- [Description of the task] Everything below from the line with "Air Hostel LCC" through the line with "msease4's tweet photo." should be copied exactly, and nothing else; leave out the pictures.

- [Records shown]
====

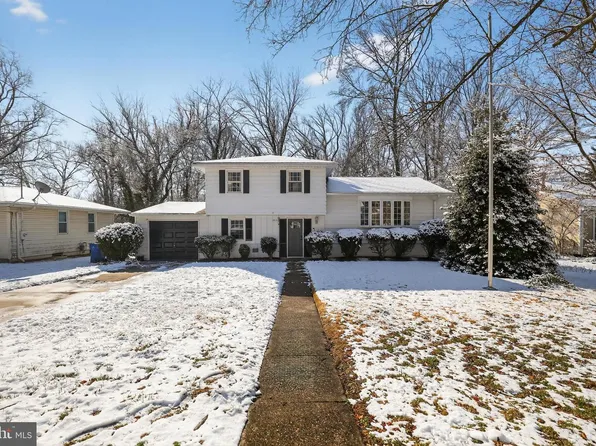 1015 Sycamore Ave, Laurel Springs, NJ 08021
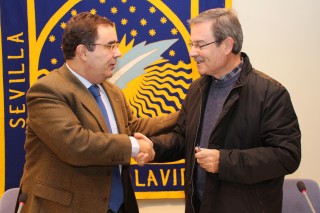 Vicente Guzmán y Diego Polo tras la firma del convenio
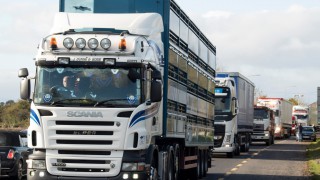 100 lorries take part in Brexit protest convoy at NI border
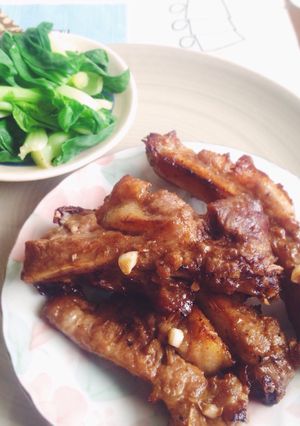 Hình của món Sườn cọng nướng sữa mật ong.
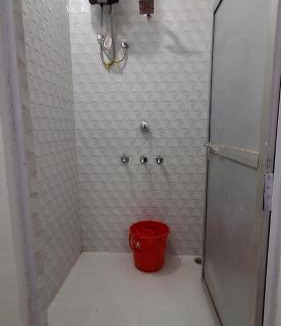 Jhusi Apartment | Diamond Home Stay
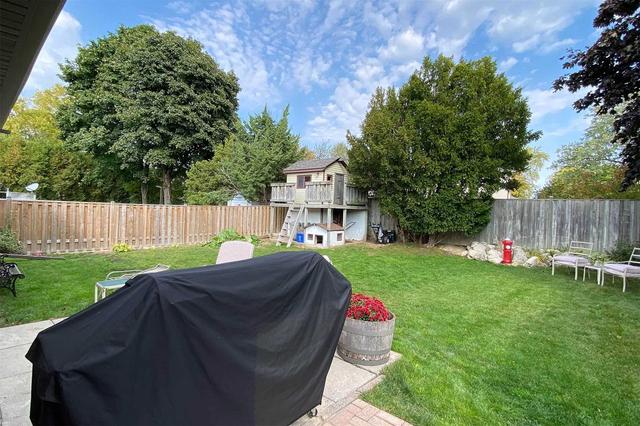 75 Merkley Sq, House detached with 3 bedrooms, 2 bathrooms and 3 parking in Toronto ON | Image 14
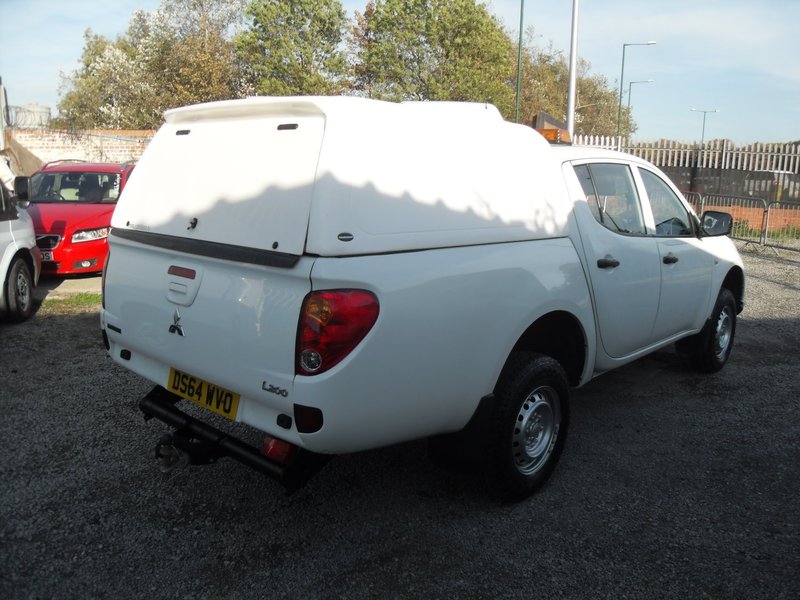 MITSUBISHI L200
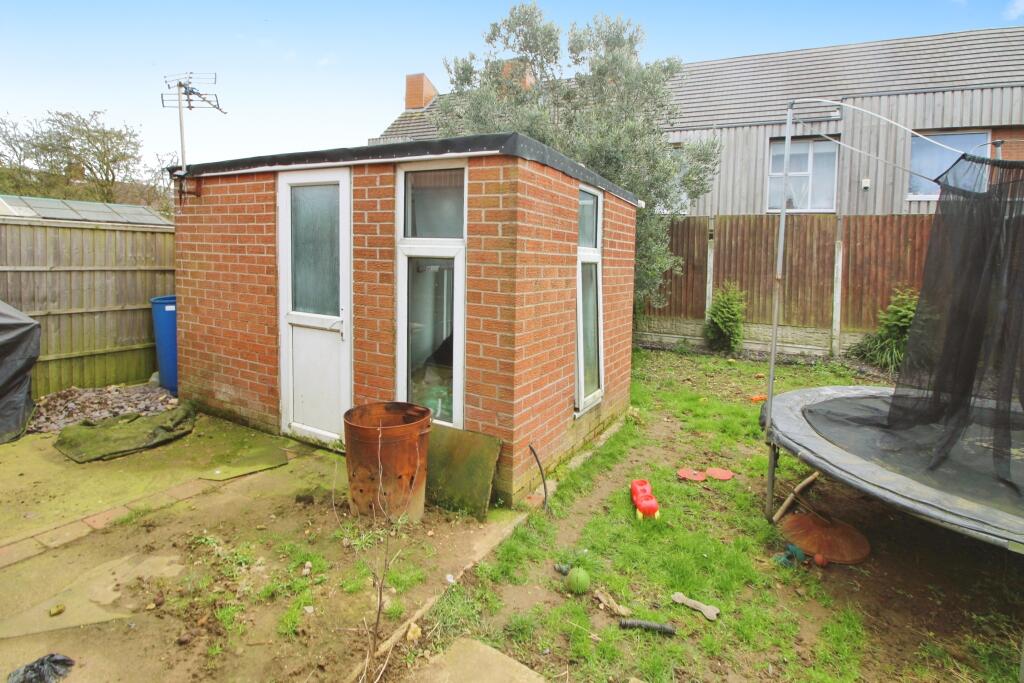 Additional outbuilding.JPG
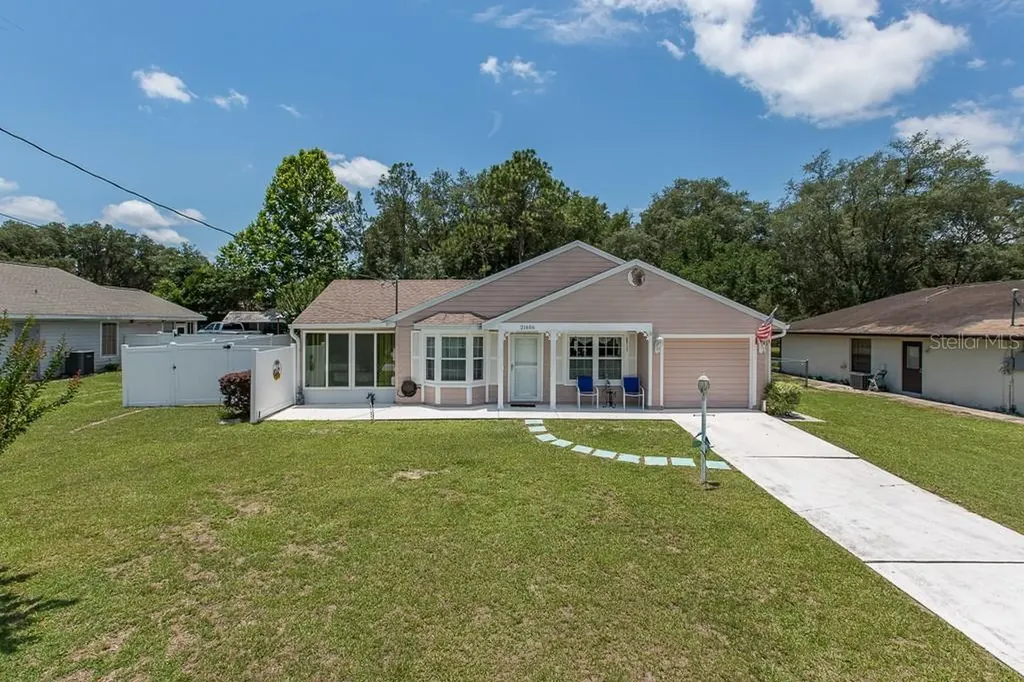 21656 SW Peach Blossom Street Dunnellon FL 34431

====

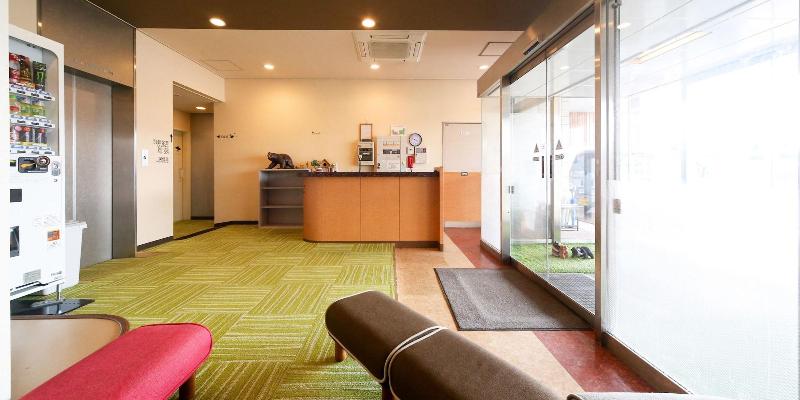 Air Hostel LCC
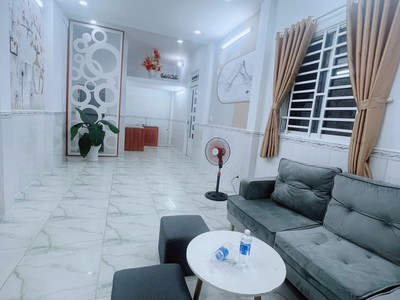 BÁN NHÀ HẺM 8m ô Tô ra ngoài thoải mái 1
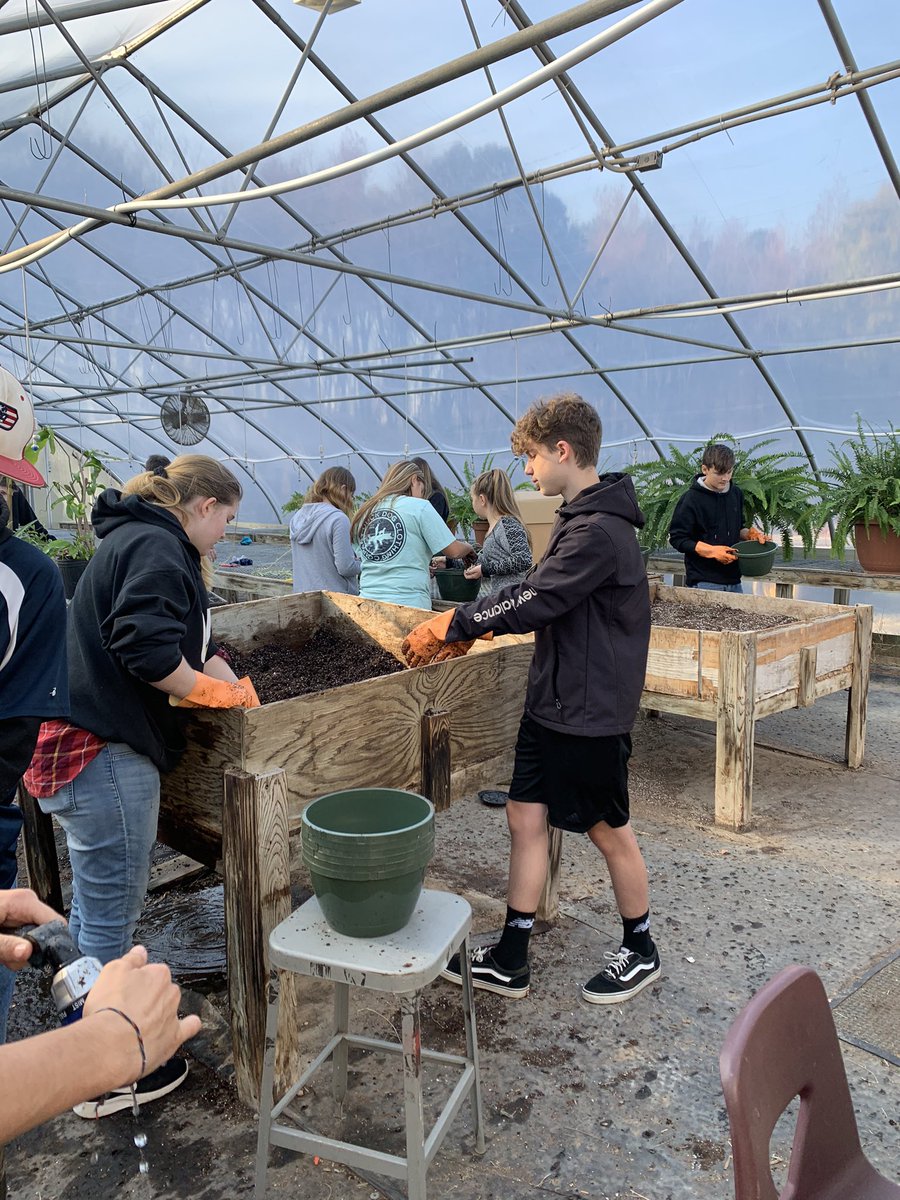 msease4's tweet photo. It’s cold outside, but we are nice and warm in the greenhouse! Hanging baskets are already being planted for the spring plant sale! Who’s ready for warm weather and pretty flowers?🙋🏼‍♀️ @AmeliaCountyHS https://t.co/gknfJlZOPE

====

- [Task result]
 Air Hostel LCC
 BÁN NHÀ HẺM 8m ô Tô ra ngoài thoải mái 1
 msease4's tweet photo. It’s cold outside, but we are nice and warm in the greenhouse! Hanging baskets are already being planted for the spring plant sale! Who’s ready for warm weather and pretty flowers?🙋🏼‍♀️ @AmeliaCountyHS https://t.co/gknfJlZOPE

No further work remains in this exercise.